• **DATA RECORDS**
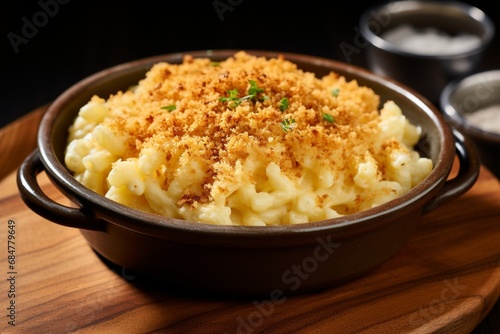 A delicious bowl of creamy macaroni and cheese with a golden breadcrumb topping.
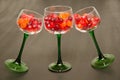 Trio of Green Stemmed Wine Glasses Royalty Free Stock Photo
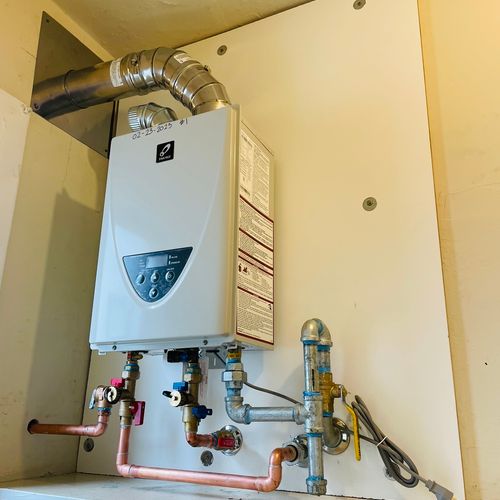 Tankless water heater for single family home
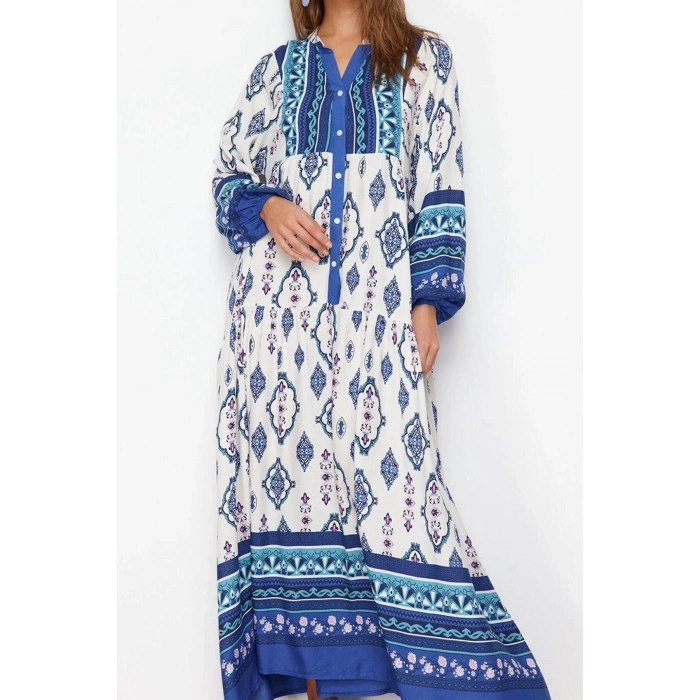 Fashion Style Relaxed V Neck Maxi Length Hijab Floral Patterned Woven Viscose Dress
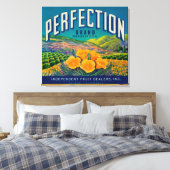Perfectie Oranje LabelColton, CA Canvas Afdruk (Insitu (Slaapkamer))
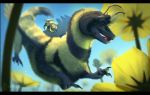  2019 arthropod bee black_bars black_fur curved_horn day detailed_background digital_media_(artwork) duo feral flower fur hymenopteran insect outside plant sky sunflower teisol yellow_fur 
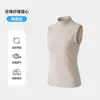 Chaleco cálido de otoño e invierno para mujer con sujetador incorporado, nuevo y versátil cuello semi-alto, capa base de forro polar cepillado
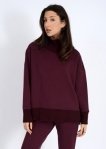 RD Style Ladies Prune Katelyn Soft Knit Rib Mock Neck Top w/Side Slits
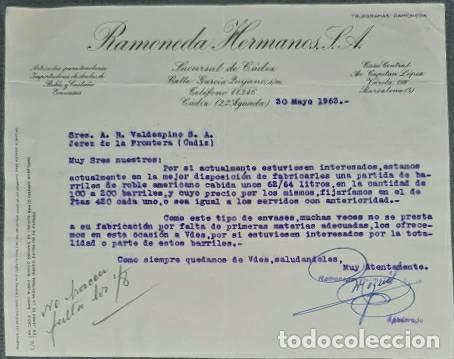 Lettres commerciales: Carta comercial. Ramoneda Hermanos S.A. C&aacute;diz. Espa&ntilde;a 1963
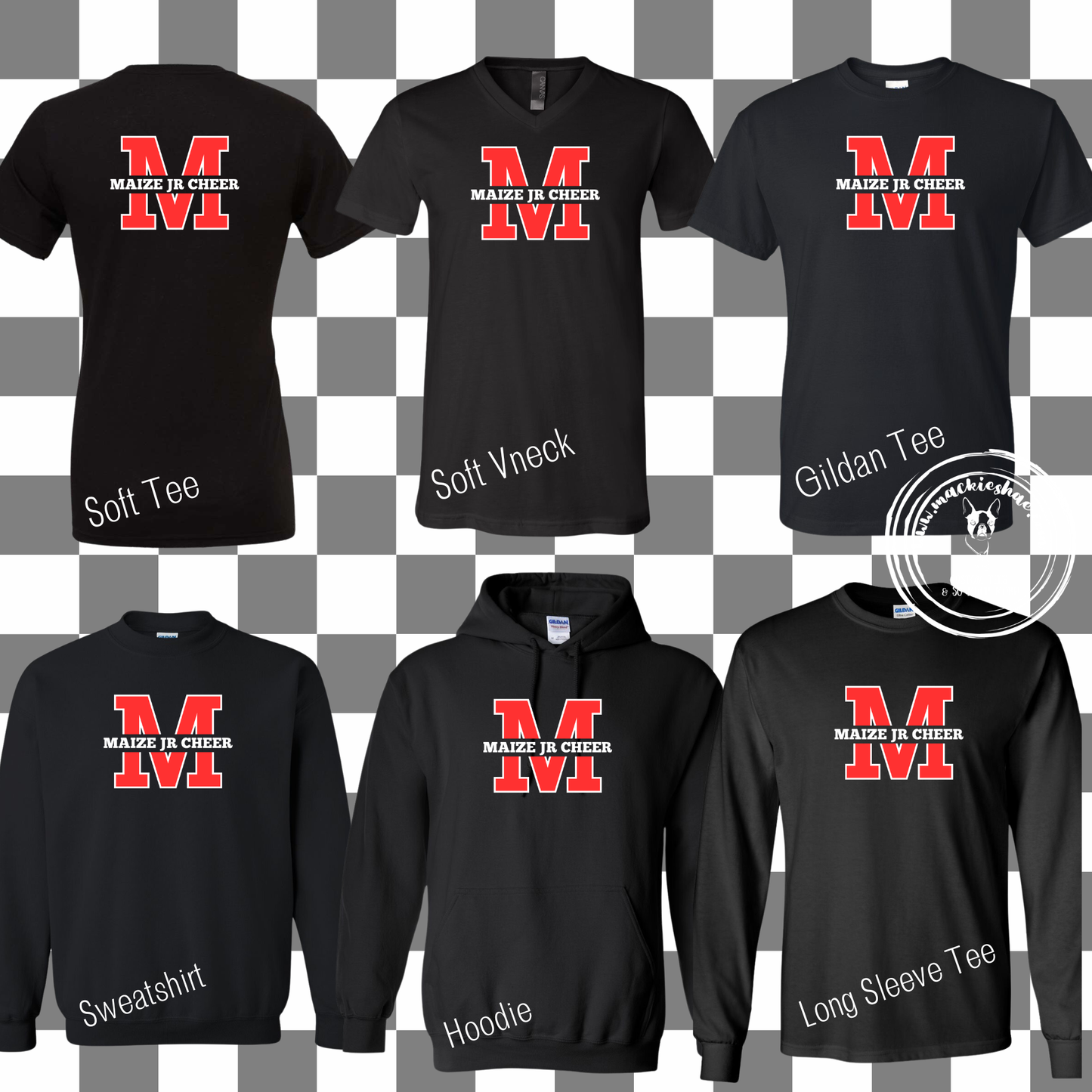 MJC- Maize Jr Cheer M Logo Black Gear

• **WORK ITEM**
When you reach the line that has "2019 arthropod bee" in the data above, start repeating lines exactly, and stop after the line that has "RD Style Ladies"; pictures stay out.

• **SOLVED PROBLEM**
  2019 arthropod bee black_bars black_fur curved_horn day detailed_background digital_media_(artwork) duo feral flower fur hymenopteran insect outside plant sky sunflower teisol yellow_fur 
 Chaleco cálido de otoño e invierno para mujer con sujetador incorporado, nuevo y versátil cuello semi-alto, capa base de forro polar cepillado
 RD Style Ladies Prune Katelyn Soft Knit Rib Mock Neck Top w/Side Slits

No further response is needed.